What makes H.264 ideal for online video streaming?
As you’ve just seen, H.265 absolutely has its uses. For online video streaming, though, H.264 has been for decades and still remains, the ideal video compression standard. Let’s run down the reasons why.
- Widespread adoption
H.264 is supported by pretty much everything made since 2013 – cameras, drones, browsers – while native H.265 is limited to specific mobile chipsets, and browsers like Edge and Safari only (so no Android).
It occupied 82% of the global market of video codecs and containers till 2018 (Statista). Its market share has evidently increases since Apple rejected Adobe Flash and made the (then controversial) move to champion H.264 and HTML5 video for the iPad and connected devices.

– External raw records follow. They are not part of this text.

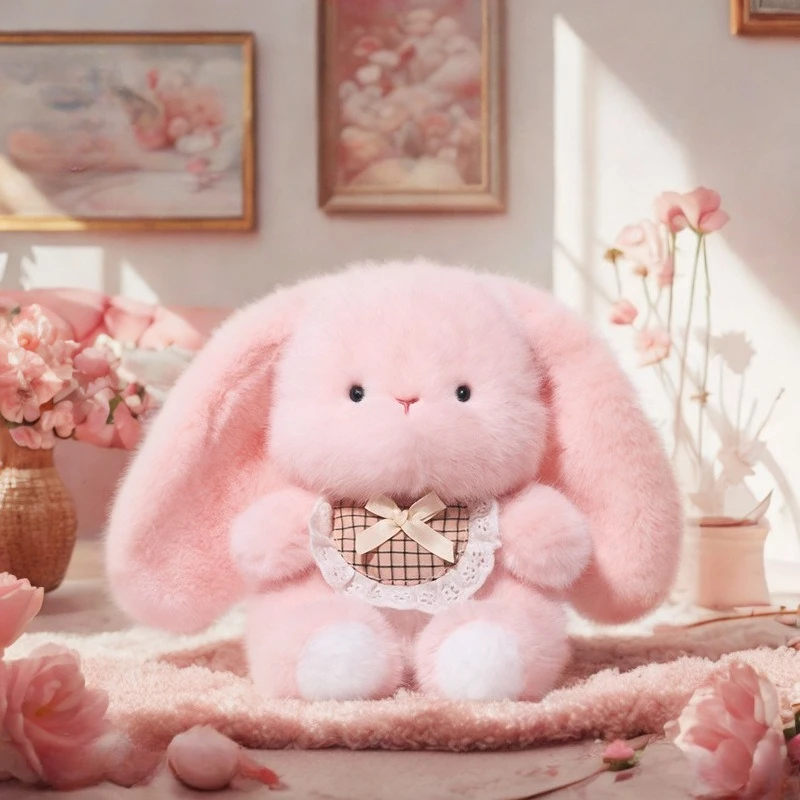

Soft Pink Bunny Plush Toy Cute Long Ear Rabbit Stuffed Animal with Kawaii Companion Doll Kids Girls Birthday Gift Bedroom Decor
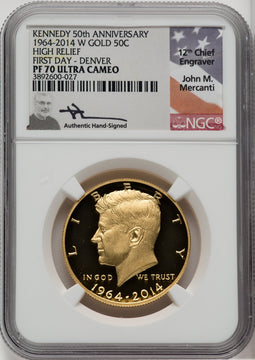 2014-W 50C Kennedy Gold 50th Anniversary First Day of Issue - Denver Proof Kennedy Half Dollar NGC PR70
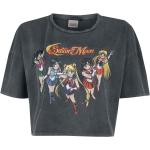 Magliette & T-shirt nere 3 XL taglie comode di cotone con scollo tondo mezza manica con scollo rotondo per Donna Sailor Moon 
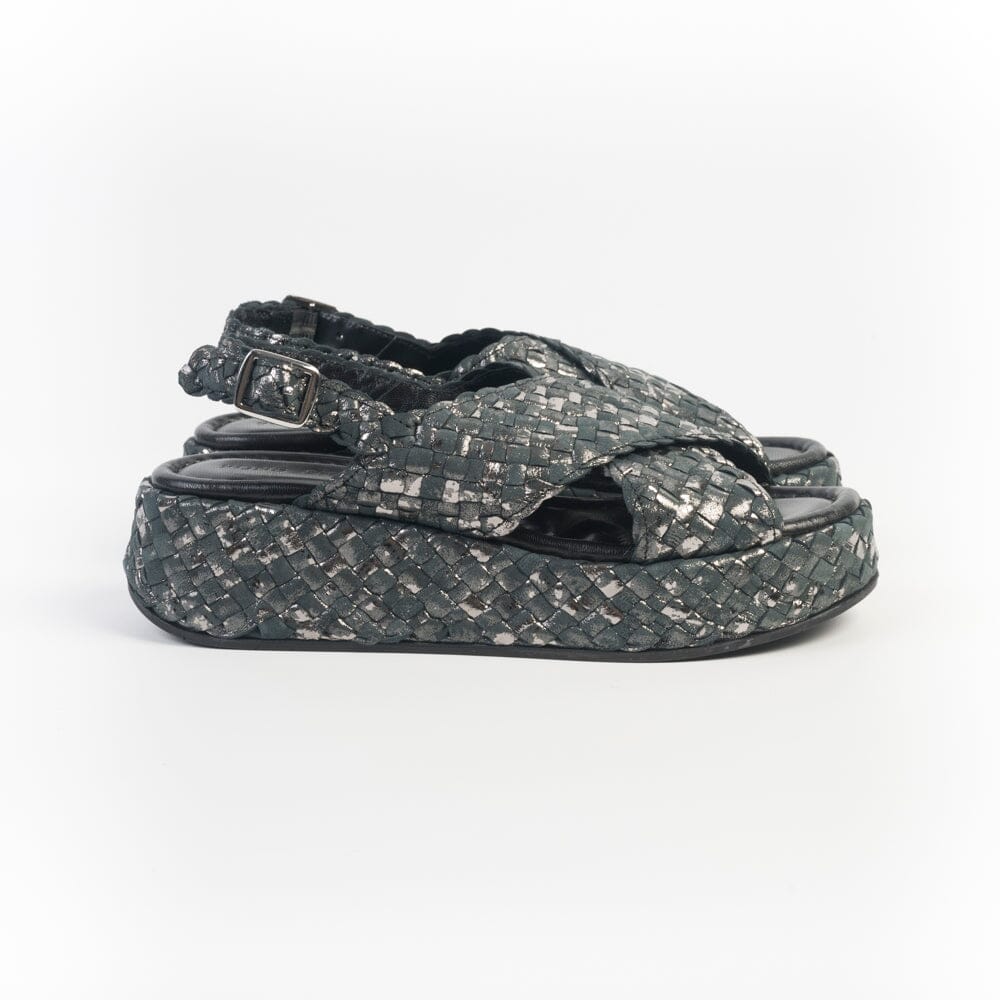 PONS QUINTANA - Sandali Zeppa - MAUI 10829 - Nero incrociato Scarpe Donna PONS QUINTANA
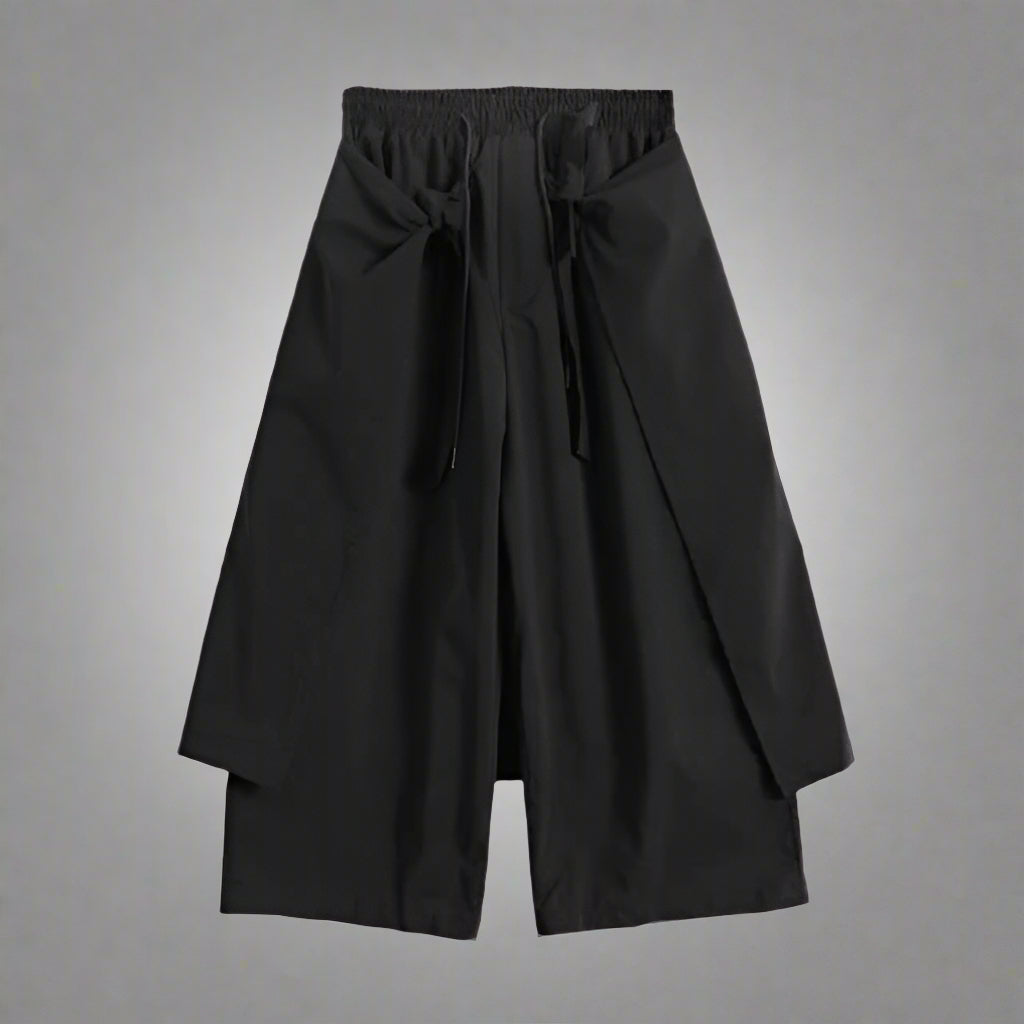 Stylish Black Hakama Trousers -  elastic waist trousers - Stylish Hakama Trousers for Casual Streetwear - View 5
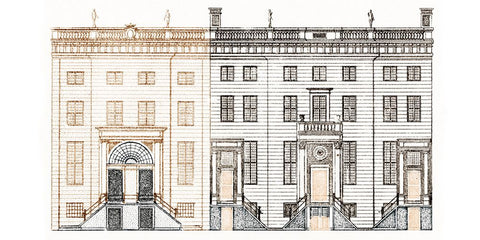 Amsterdam Canal Houses III Black Ornate Wood Framed Art Print with Double Matting by Teyler, Johan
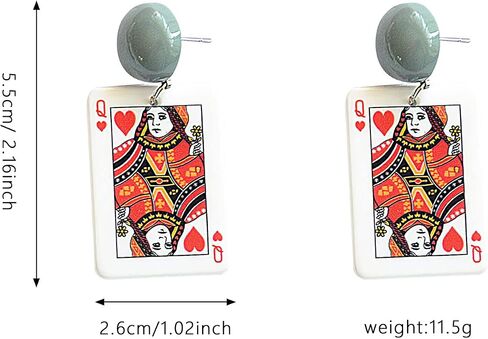 Playing Cards Pattern Drop Earring Fashion Party Gift Charms Spades Plum Poker Acrylic Earring Jewelry in Saudi Arabia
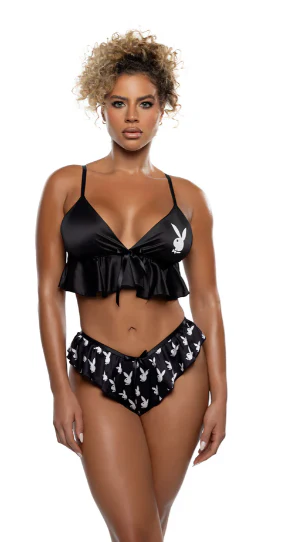 Playboy Flutter Bunny 2PCLounge Set - PBLI195 Black - Image 3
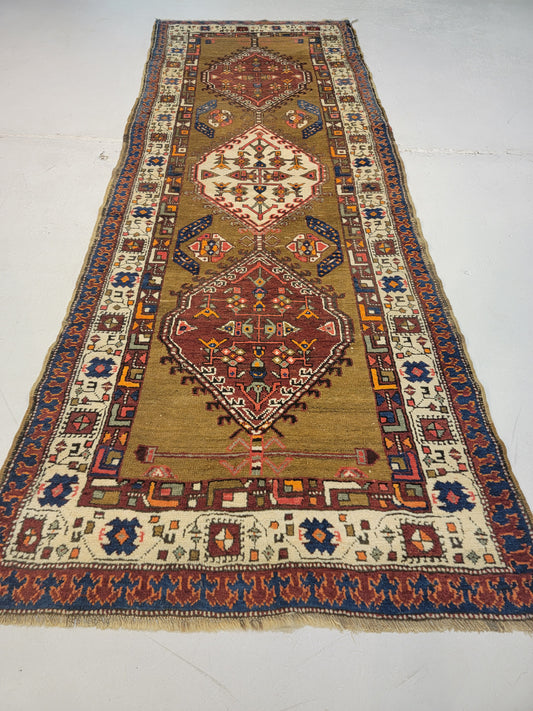 Antique Hand-Knotted Wool Runner Serapi Camel Hair 3'6" x 9'4"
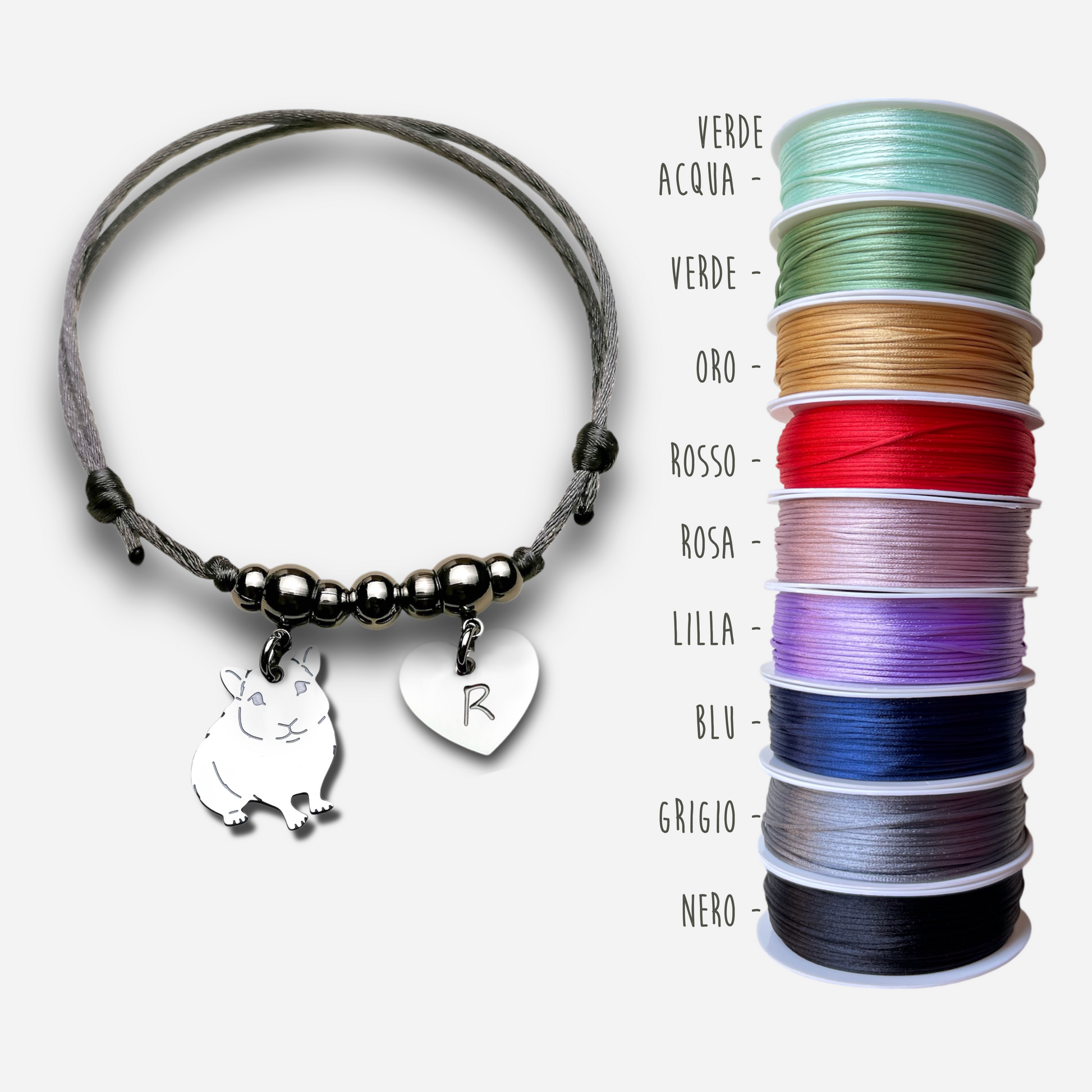 Bracciale Criceto e ciondolo cuore con iniziale incisa - ContrariaBijoux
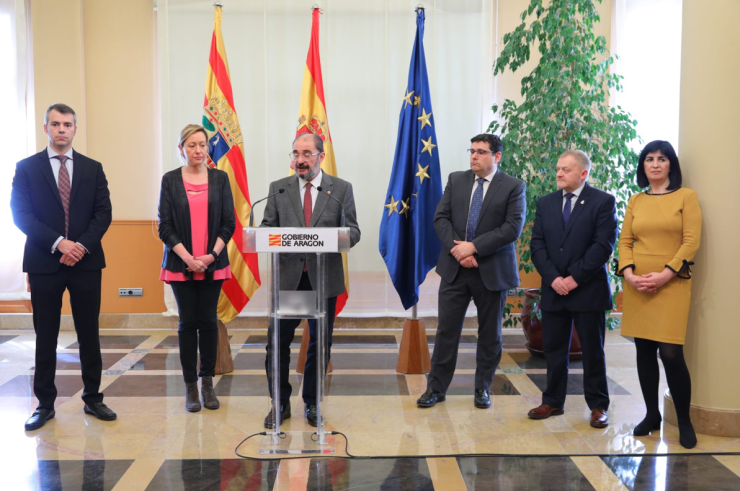 El presidente aragonés, Javier Lambán, durante la presentación este jueves de la ampliación de la empresa. / Gobierno de Aragón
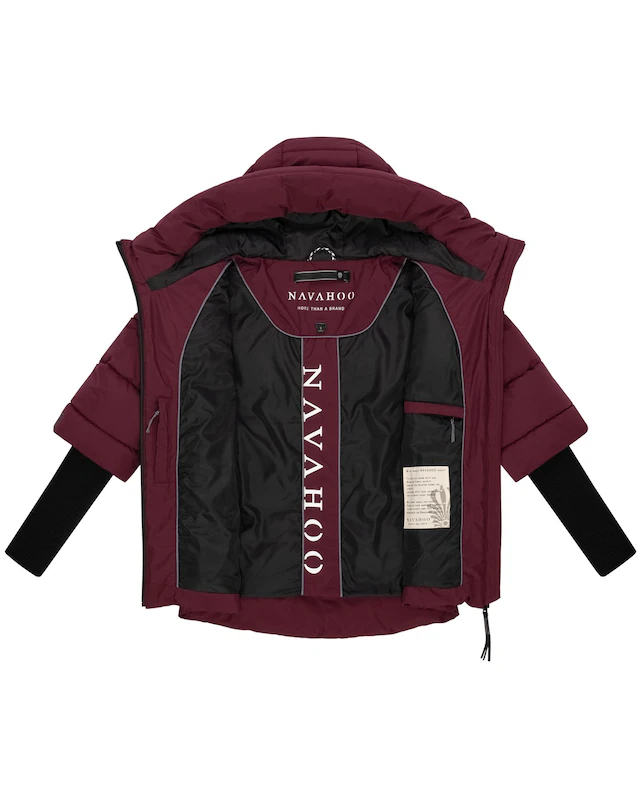 Navahoo Steppjacke »Lotusherz XIV« mit Kapuze Warme gesteppte Winterjacke mit Rippstrickärmeln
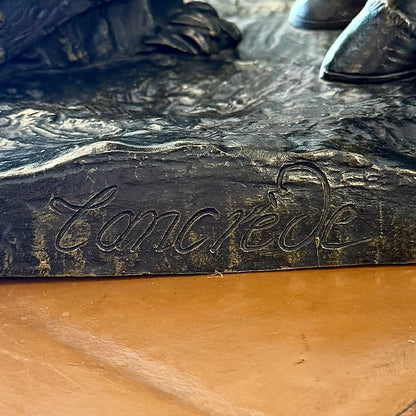 Espectacular escultura en bronce de Tancredo y Clorina en la batalla de Jerusalén. Francia SXIX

- A ‘good enough’ quality-to-file size ratio
x264 works well enough for 95% of the video content on the internet, and the bitrate/quality ratio it offers has been good enough to be used everywhere from Blu-Ray discs to Twitch streaming, for years now. Yes, H.265 wins vs. H.264 at raw numbers, but at what cost? Its encoders are far slower, so when you modify its settings to get faster encode times, it lowers quality.
Similarly, when you set it to give you better quality, those speed gains go away. It’s far more difficult to strike a good balance between the two with H.265 than it is with H.264, which “just works” at even the baseline quality factor.
- Doesn’t need powerful hardware for encoding/decoding
H.264 and its open-source codec, x264, is simply a more well-optimized and mature software than HEVC and x265. A 50-60% reduction in final file sizes comes at the hefty cost of 10x more CPU power required, and many devices simply cannot do this efficiently. Remember, high-end PC users aren’t the only audience for video content.
- No licensing chaos
You can’t use either H.264 or H.265 without paying royalty fees. But while H.264/AVC only has 1 patent pool associated with it, HEVC has three: HEVC Advance, MPEG LA, and Velos Media. This makes the former much more attractive for commercial use cases.
Conclusion
Hopefully, now you have enough of a technical primer to jump into streaming, and content creation. RAW videos must be encoded/compressed into sizes and formats manageable enough for the internet, before they can be uploaded and cached on a content delivery network (CDN) that can optimize them for delivery, from servers nearest to your viewers.
Striking a balance between file sizes, visual fidelity, latency, and in a format that lets you reach as many people as you can is critical for this industry, and knowing your stuff when it comes to compression techniques like H.264 and H.265 will help you do just that.